- _Task directions_: Would you print the records below from the first line through the line containing "ミニヨンTOKYO - 燻製卵のポテサラ", skipping the pictures?

- _Input records_:
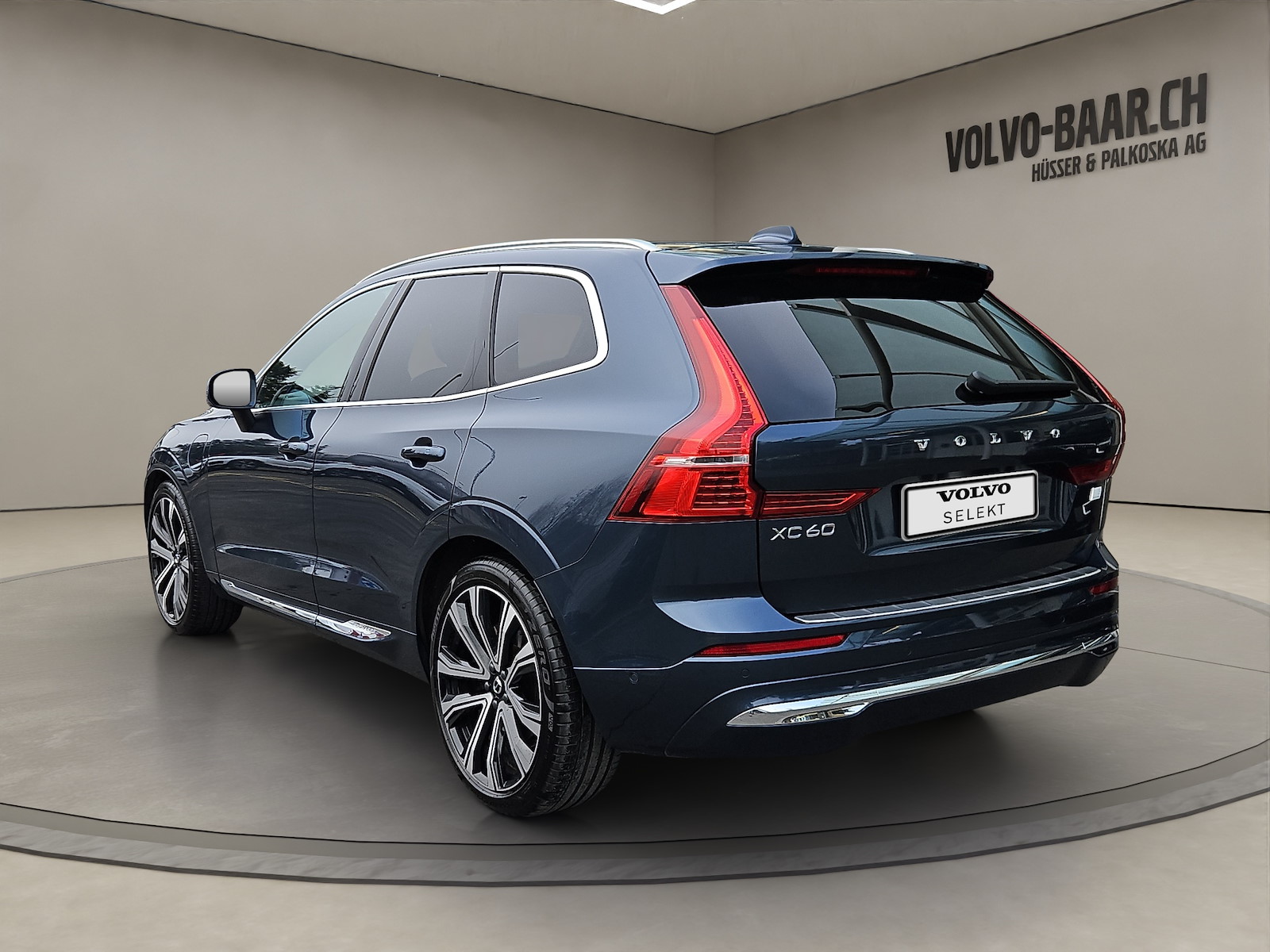 VOLVO XC60 2.0 T8 TE Ultimate Bright eAWD-showroom-element-2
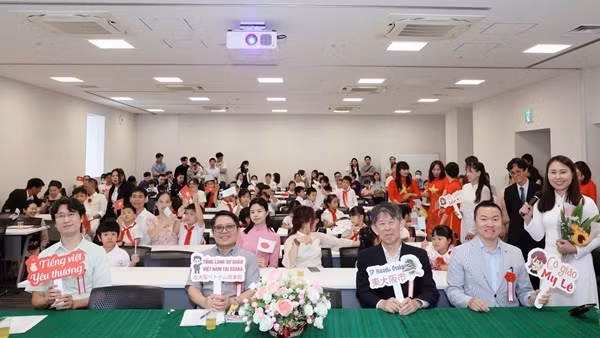 Khai giảng lớp học tiếng Việt cho trẻ em người Việt tại Nhật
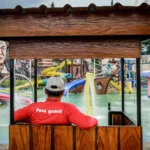 FOTO 9 mei_Seorang petugas keselamatan mengawasi wisatawan tengah bermain di destinasi wisata. dok. kemenpar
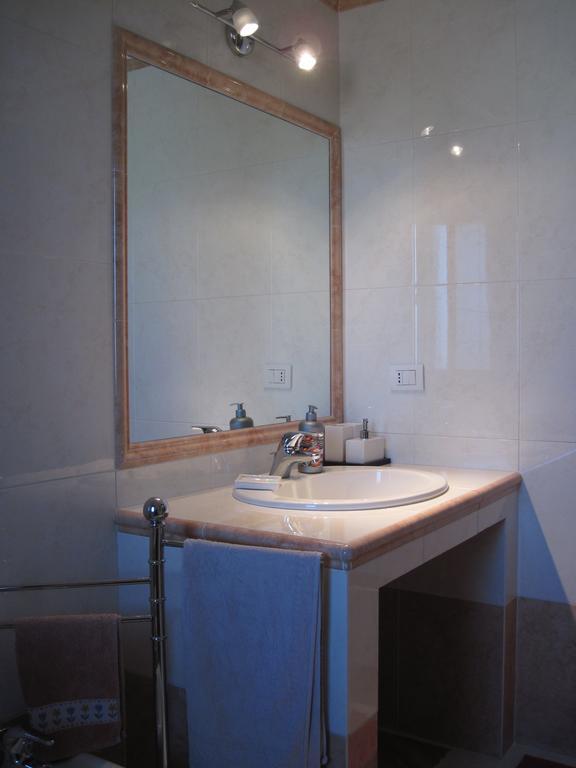 Sweet Sardinia Apartment R2968 Elmas 객실 사진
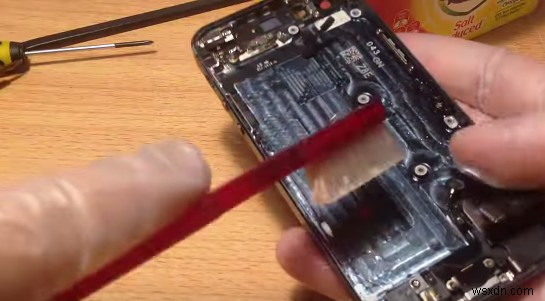How to Repair a water damaged iPhone 5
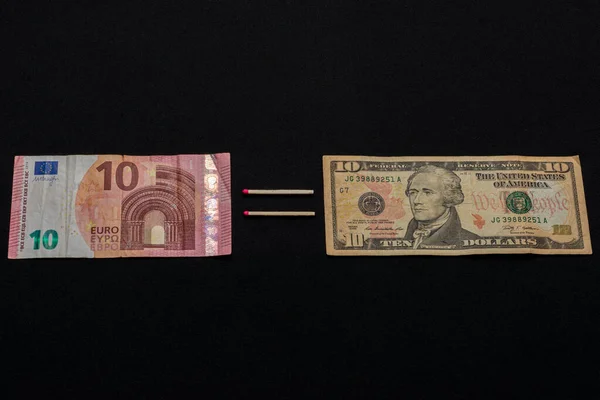黑色背景的美元和欧元，10欧元与10美元的对比. — 图库照片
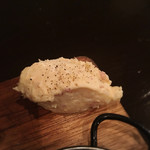 ミニヨンTOKYO - 燻製卵のポテサラ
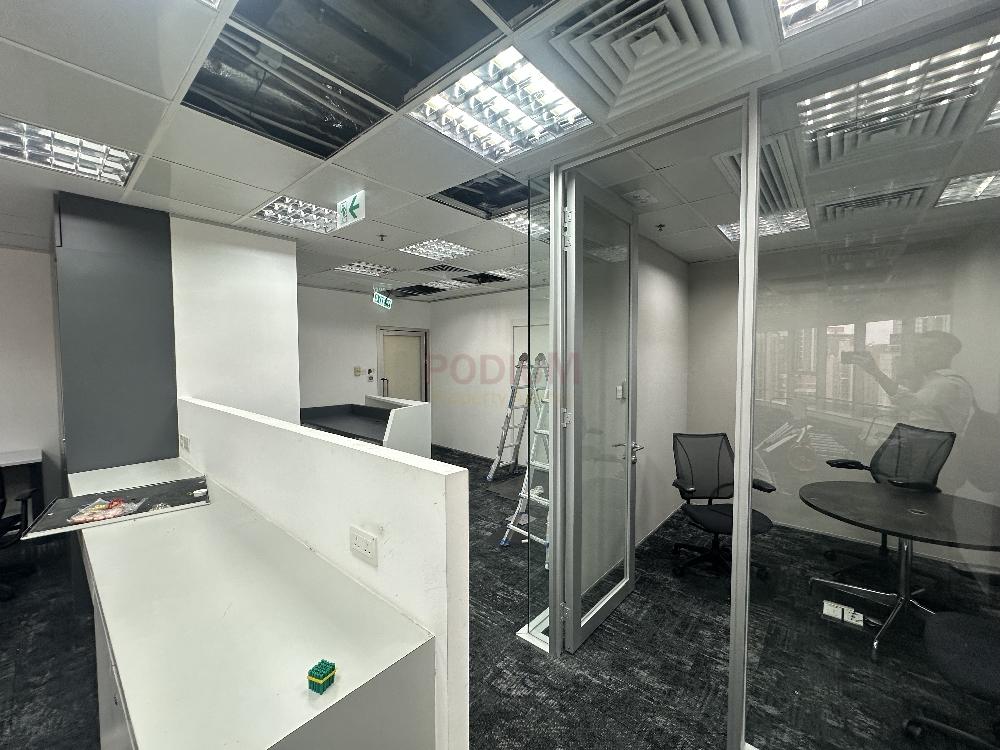 中環中央廣場                                                     The Centrium                                                 Central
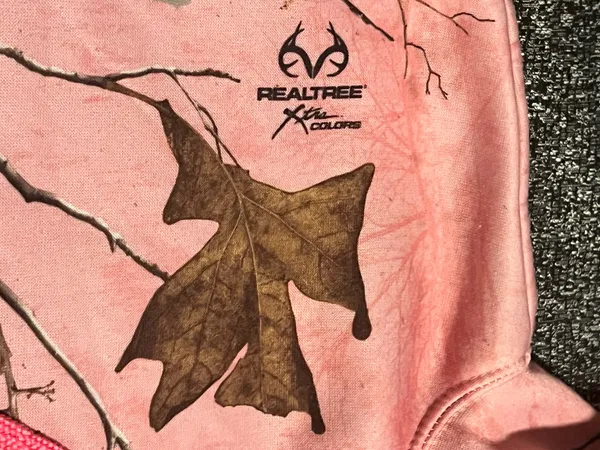 Womens XL16/18 Realtree Pink Camo Performance Pullover Fleece Hoodie - Image 4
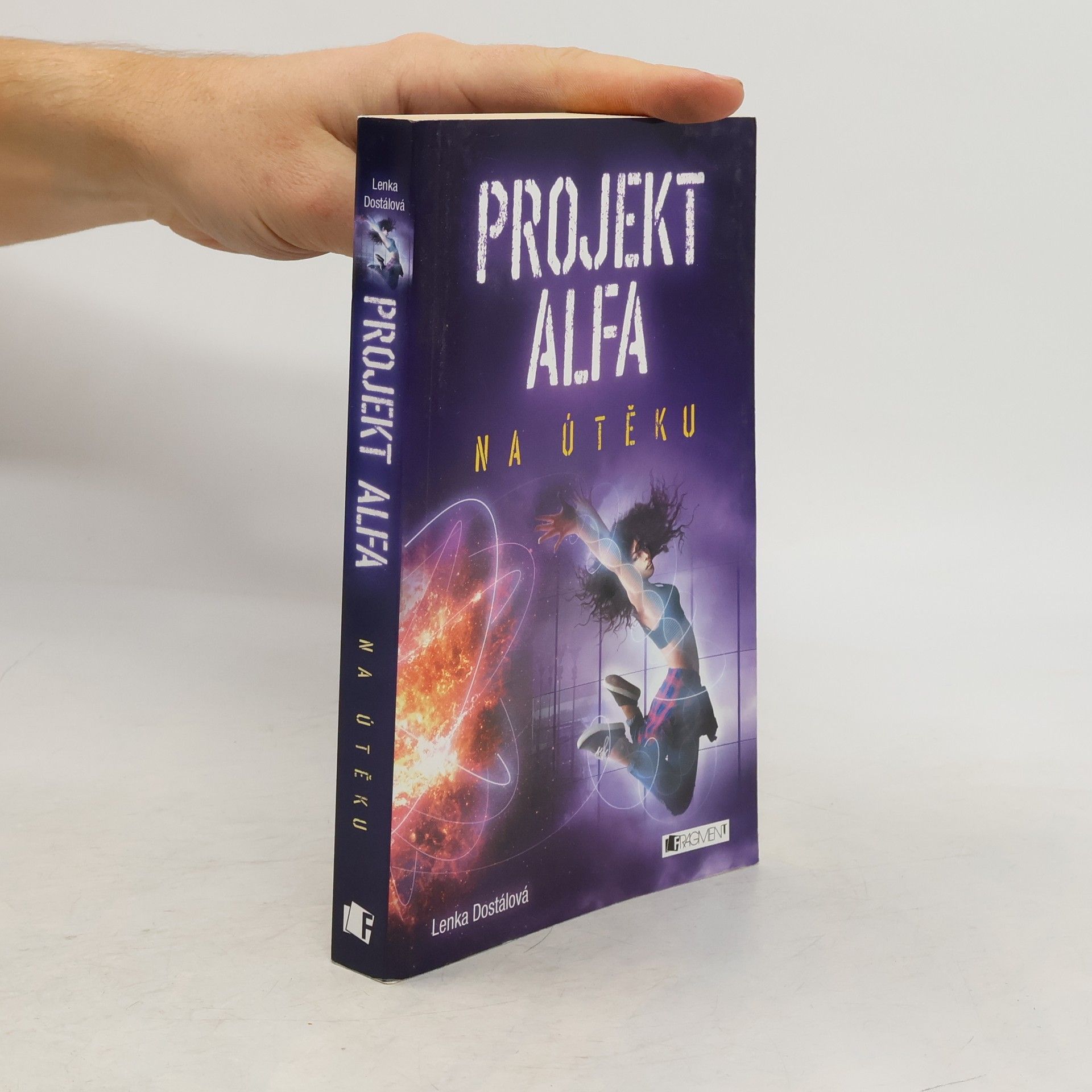 Lenka Dostálová Na útěku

- _Response to the exercise_:
 VOLVO XC60 2.0 T8 TE Ultimate Bright eAWD-showroom-element-2
 Khai giảng lớp học tiếng Việt cho trẻ em người Việt tại Nhật
 FOTO 9 mei_Seorang petugas keselamatan mengawasi wisatawan tengah bermain di destinasi wisata. dok. kemenpar
 Sweet Sardinia Apartment R2968 Elmas 객실 사진
How to Repair a water damaged iPhone 5
黑色背景的美元和欧元，10欧元与10美元的对比. — 图库照片
 ミニヨンTOKYO - 燻製卵のポテサラ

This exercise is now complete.